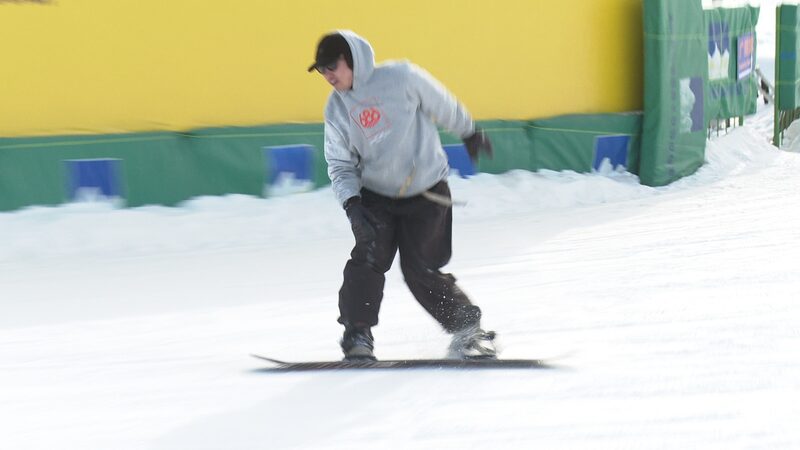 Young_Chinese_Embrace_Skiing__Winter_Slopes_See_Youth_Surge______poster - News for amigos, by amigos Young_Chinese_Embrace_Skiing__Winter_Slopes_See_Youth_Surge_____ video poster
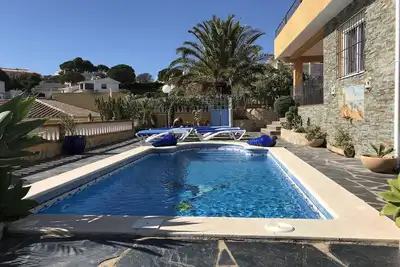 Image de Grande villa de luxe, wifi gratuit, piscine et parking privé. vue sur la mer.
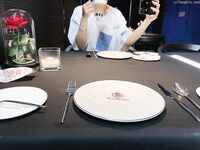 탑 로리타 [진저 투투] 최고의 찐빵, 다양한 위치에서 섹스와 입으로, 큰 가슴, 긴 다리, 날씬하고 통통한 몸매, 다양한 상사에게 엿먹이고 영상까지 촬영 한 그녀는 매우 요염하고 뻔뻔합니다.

* * *

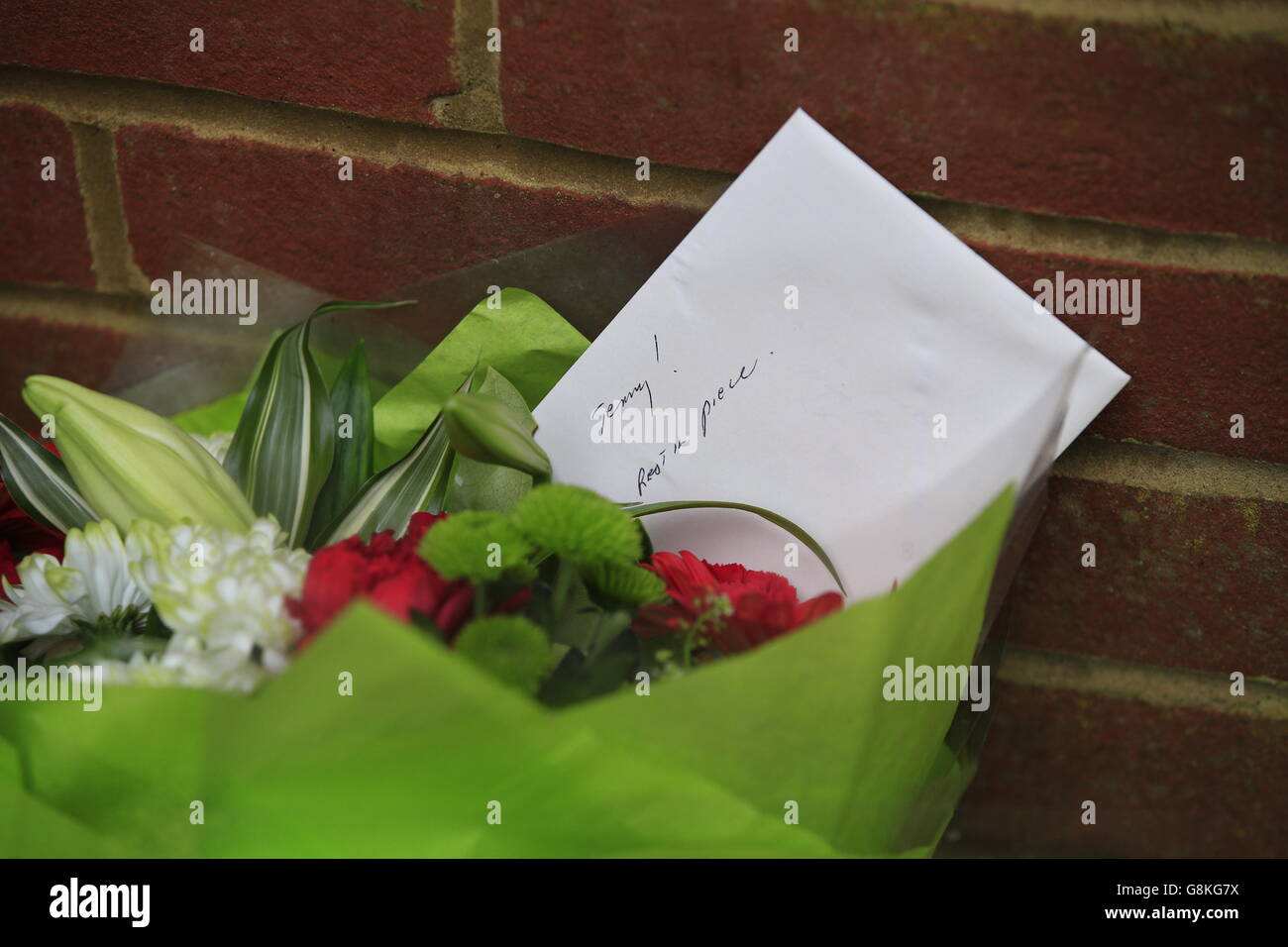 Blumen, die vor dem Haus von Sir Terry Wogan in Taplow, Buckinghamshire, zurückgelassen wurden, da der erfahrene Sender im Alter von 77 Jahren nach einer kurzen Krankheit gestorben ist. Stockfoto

### What the task asks
Within the material above, only the stretch from the line holding "Image de Grande" through the line holding "탑 로리타 [진저 투투]" is to be restated exactly. Pictures are dropped.

### Exercise response
 Image de Grande villa de luxe, wifi gratuit, piscine et parking privé. vue sur la mer.
 탑 로리타 [진저 투투] 최고의 찐빵, 다양한 위치에서 섹스와 입으로, 큰 가슴, 긴 다리, 날씬하고 통통한 몸매, 다양한 상사에게 엿먹이고 영상까지 촬영 한 그녀는 매우 요염하고 뻔뻔합니다.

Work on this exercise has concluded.